The point is, there are reasons they finished behind Florida and Toronto in their division last season. Or Carolina and Florida the year before that. And Boston in 2020. Each year, the Lightning were a little more vulnerable than the year before.

Yet they went on to beat all five of those teams in the playoffs.

Now, maybe, there is a whiff of a veteran team turning the volume up on the dial once April rolls around, but it is also indicative of a team that sees the regular season as a chance to grow rather than shine.

“As time goes on you learn, hey, someone is always throwing something at you. How are you going to evolve? How are you going to find a solution?” Cooper said. “I don’t dwell on problems, I’m always looking for solutions. How can we figure this out? And I think that has boded well for us as a staff.

“There’s no such thing as a panic button. It’s the solution button.”

Which brings us to today, and what could be the most challenging regular season the Lightning have faced in years. It’s not just that Anthony Cirelli and Zach Bogosian will start the season on the injured list. It’s not just that Ryan McDonagh was traded and Ondrej Palat and Jan Rutta left as free agents.

It’s the accumulation of time. The effects of the salary cap. The inevitable pull toward the middle.

Of the 25 players who appeared in the 2020 postseason for the Lightning, 14 are no longer with the organization. There are more memories in distant locker rooms than in the stalls at Amalie Arena.

When you look at it that way, the Lightning aren’t just replacing McDonagh, Palat and Rutta because they’ve already replaced Yanni Gourde, Tyler Johnson, Blake Coleman, Barclay Goodrow, Kevin Shattenkirk and Carter Verhaeghe, among others.

This is a team that needs to find its own identity. Philosophically, it might be a close cousin to the 2022 playoff team, but there will be significant differences that inevitably change the tenor.

The Lightning lost their second-leading scorer from last postseason, and two of their top four defensemen. Can Vladislav Namestnikov replace Palat? Can Philippe Myers and Ian Cole duplicate what McDonagh and Rutta provided? Probably not.

But these are not necessarily meant to be even exchanges. It’s more a question of how they fold into the group and what emerges on the other side.

That means the forward lines will be juggled. A lot. That means finding the right partner for Victor Hedman on the blue line. That means asking Mikhail Sergachev to take on a larger role. That means doing what is necessary to keep Stamkos, Kucherov, Hedman and Brayden Point healthy when April finally arrives. And that means not fretting over the inevitable slumps.

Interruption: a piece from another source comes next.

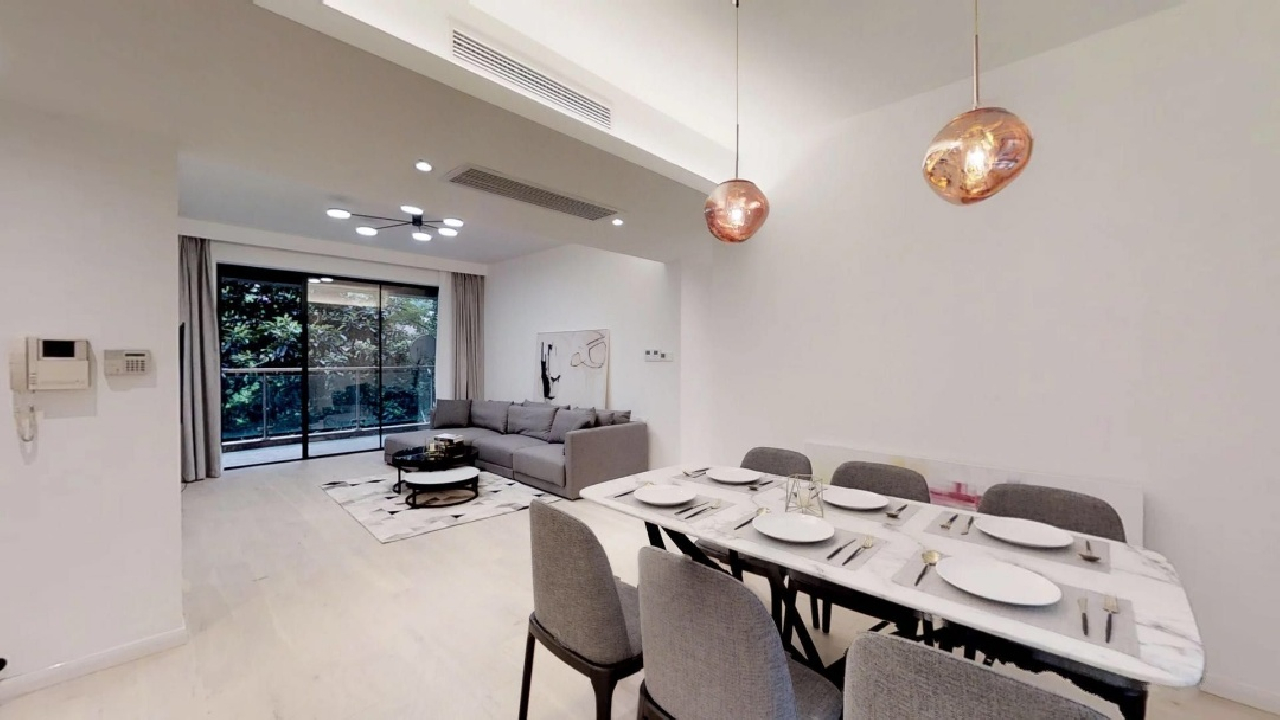 Ladoll International City - Image 3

Will the Lightning finish first in the Atlantic Division? Hard to see that happening. If Tampa Bay tops 50 wins, it should be a cause for celebration.

But, having said that, would you be shocked if the Lightning were competing for the Eastern Conference title by the end of May?

“We’re a contender, but we’ve got to fill in some blanks,” Cooper said. “That’s the great unknown: Who is going to fill in the blanks? But it’s way easier to do when you have the group of core guys still here. So let’s take these 20 to 23 players and see where we can go from start to finish.

“That’s exciting to me. That’s why I’m in this business. If I wanted to punch a clock and collect a paycheck, I could have been an attorney. For me, every single year the calendar flips, I get excited. I get rejuvenated. To me, right now, I’m like the happiest kid on earth.”